The Row_Number() OVER (ORDER BY (SELECT 1)) trick should NOT be seen as a way to avoid changing the order of underlying data. It is only a means to avoid causing the server to perform an additional and unneeded sort (it may still perform the sort but it's going to cost the minimum amount possible when compared to sorting by a column).
All queries in SQL server ABSOLUTELY MUST have an ORDER BY clause in the outermost query for the results to be reliably ordered in a guaranteed way.
The concept of "retaining original order" does not exist in relational databases. Tables and queries must always be considered unordered until and unless an ORDER BY clause is specified in the outermost query.
You could try the same unordered query 100,000 times and always receive it with the same ordering, and thus come to believe you can rely on said ordering. But that would be a mistake, because one day, something will change and it will not have the order you expect. One example is when a database is upgraded to a new version of SQL Server--this has caused many a query to change its ordering. But it doesn't have to be that big a change. Something as little as adding or removing an index can cause differences. And more: Installing a service pack. Partitioning a table. Creating an indexed view that includes the table in question. Reaching some tipping point where a scan is chosen instead of a seek. And so on.
Do not rely on results to be ordered unless you have said "Server, ORDER BY".
I have a query:
SELECT ROW_NUMBER() OVER(ORDER BY LogId) AS RowNum
FROM [Log] l
where RowNum = 1
and I'm getting the following error:
Invalid column name 'RowNum'.
I did some search here and found that column aliasing is not available in WHERE.
so I tried the the following and it worked:
select *
from
(
SELECT ROW_NUMBER() OVER(ORDER BY LogId) AS RowNum
FROM [Log] l
) as t
where t.RowNum = 1
Is there a better way, from performance point of view, to make this query?
Thanks in advance.
That's just the way it is.
Column aliases can not be used on the same logical level where they were defined. You will have to use the derived table (sub-query) as you have found out.
If you are concerned about performance, then don't. The derived table is mere syntactical sugar, it won't make the query slower (compared to the solution you tried first).

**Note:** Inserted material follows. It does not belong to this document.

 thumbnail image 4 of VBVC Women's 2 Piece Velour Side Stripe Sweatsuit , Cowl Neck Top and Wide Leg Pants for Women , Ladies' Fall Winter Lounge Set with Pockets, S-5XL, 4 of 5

An alternative to this specific query, which won't perform any different but is simpler to write:
SELECT TOP 1 <col list> FROM dbo.[Log] ORDER BY LogId;
As #a_horse explained, don't be concerned that because your second query looks like more code that it is more expensive. If you want to measure the efficiency of different queries that get the same results, compare their execution plans, not code complexity.
I'm working on a query on the SEDE:
select top 20
row_number() over(order by "percentage approved" desc, approved desc),
row_number() over(order by "total edits" asc),
*
from editors
where "total edits" > 30
What is the ordering of the result set, taking into account the two window functions?
I suspect it's undefined but couldn't find a definitive answer. OTOH, results from queries with one such window function were ordered according to the over(order by ...) clause.
The results can be returned in any order.
Now, they will often be returned in the same order as specified in the OVER clause, but this is just because SQL Server is likely to pick a query plan that sorts the rows to calculate the aggregate. This is by no means guaranteed, as it could pick a different query plan at any time, especially as you make your query more complex which extends the space of possible query plans.
The result set of ANY SQL Server query that doesn't have an explicit ORDER BY is undefined.
This includes when you have window functions within the query, or an ORDER BY in a subquery. The result order will depend on a lot of factors, none of which are guaranteed unless you specify an ORDER BY.